**What this task involves**
Set down precisely the lines from the line with "Tumundosmartphone Funda Gel" through the end of the material, inclusive, and no pictures.

**Exercise data**
- - - -
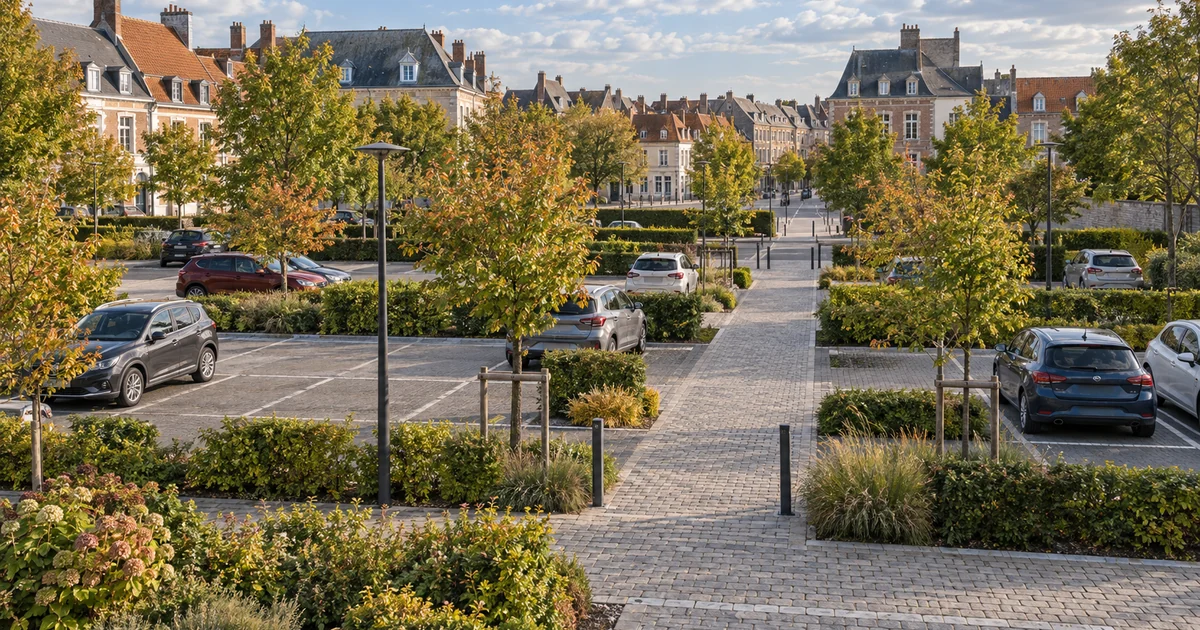 Parking in Arras, a parking sign and spaces in the town centre near the ramparts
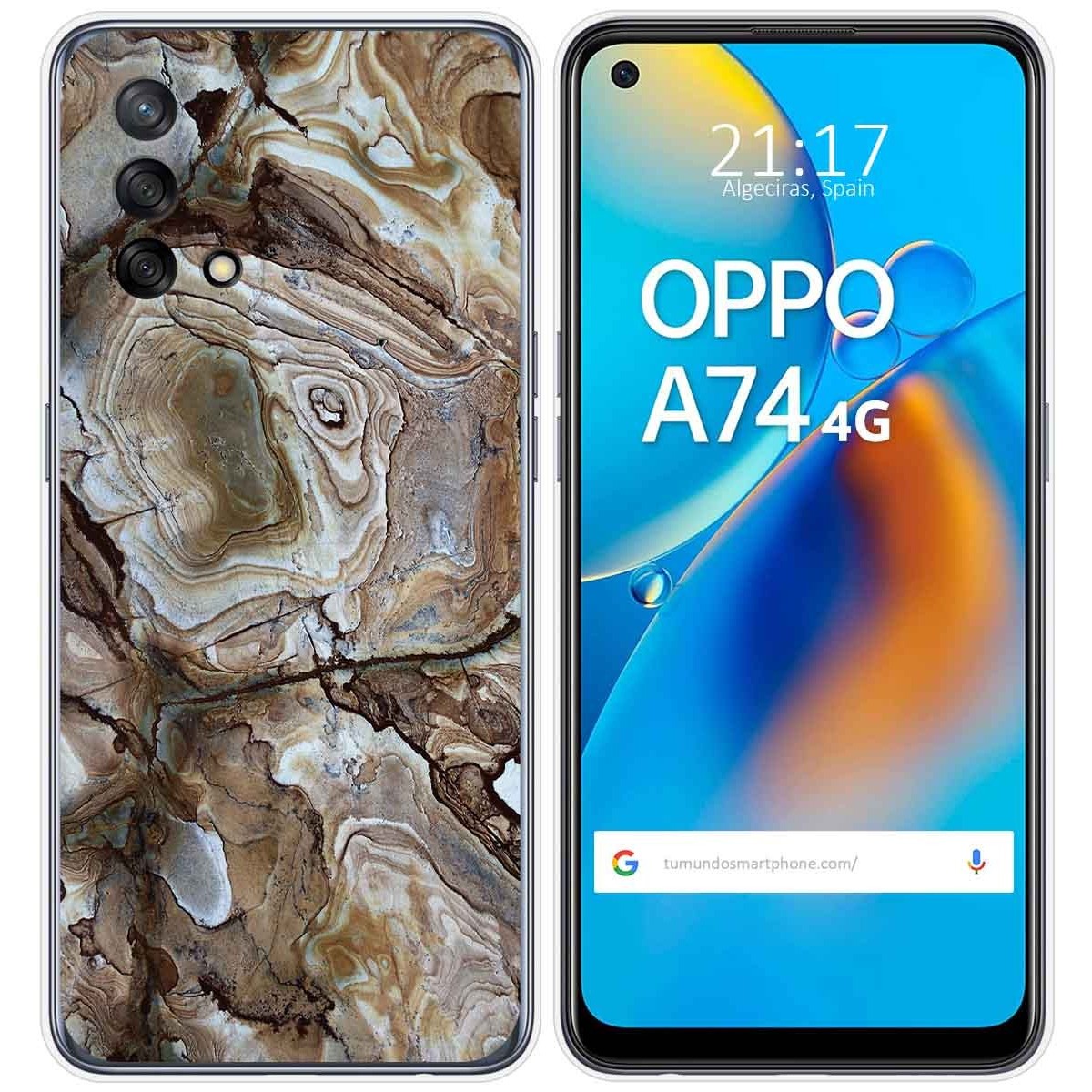 Tumundosmartphone Funda Gel Tpu para Oppo A74 4G diseño Mármol 14 Dibujos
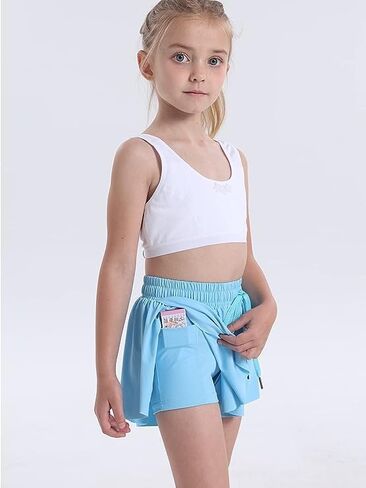 HASMES Girls Butterfly Shorts Teen Flowy Athletic Shorts for Running Dance Cheer 5-14Y in Saudi Arabia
- - - -
**Response to the task**
 Tumundosmartphone Funda Gel Tpu para Oppo A74 4G diseño Mármol 14 Dibujos
 HASMES Girls Butterfly Shorts Teen Flowy Athletic Shorts for Running Dance Cheer 5-14Y in Saudi Arabia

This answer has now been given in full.